November 17, 2020 Linguistics | Philosophy

PhD student Jeffrey Green, wearing a tie, standing in front of a whiteboard with three members of his dissertation committee,

Is the online comprehension of adjunct control any different from that of anaphora with audible pronouns?

Now out in Glossa, Processing adjunct control: Evidence on the use of structural information and prediction in reference resolution, from 2018 alum Jeff Green, with assists from philosophy student Mike McCourt and advisors Ellen Lau and Alexander Williams. The paper concerns the online comprehension of adjunct control, in sentences like "Minnie talked to Mickey before eating," where Minnie is the understood eater. Here the interpretive dependency is (arguably) dependent on syntax; but it is not exponed by an audible pronoun. In both respects this unlike the otherwise similar dependency in "Minnie talked to Mickey before she ate." Jeff asks how the two sorts of dependency compare in online processing. He finds that the adjunct control can be resolved just as quickly as the pronominal anaphora, but only when the control structure is very frequent. 


The comprehension of anaphoric relations may be guided not only by discourse, but also syntactic information. In the literature on online processing, however, the focus has been on audible pronouns and descriptions whose reference is resolved mainly on the former. This paper examines one relation that both lacks overt exponence, and relies almost exclusively on syntax for its resolution: adjunct control, or the dependency between the null subject of a non-finite adjunct and its antecedent in sentences such as Mickey talked to Minnie before ___ eating. Using visual-world eyetracking, we compare the timecourse of interpreting this null subject and overt pronouns (Mickey talked to Minnie before he ate). We show that when control structures are highly frequent, listeners are just as quick to resolve reference in either case. When control structures are less frequent, reference resolution based on structural information still occurs upon hearing the non-finite verb, but more slowly, especially when unaided by structural and referential predictions.

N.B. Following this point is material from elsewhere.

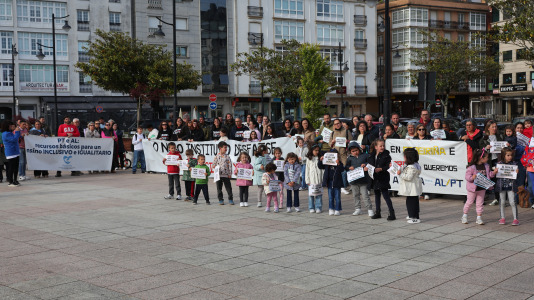 La comunidad educativa de Cee también salió a la calle para defender la educación pública de calidad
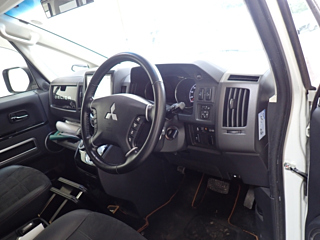 MITSUBISHI DELICA D5 2018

This may be due to increased difficulty in recognizing that a referential dependency is necessary. These results indicate that in at least some contexts, referential expressions whose resolution depends on very different sources of information can be resolved approximately equally rapidly, and that the speed of interpretation is largely independent of whether or not the dependency is cued by an overt referring expression.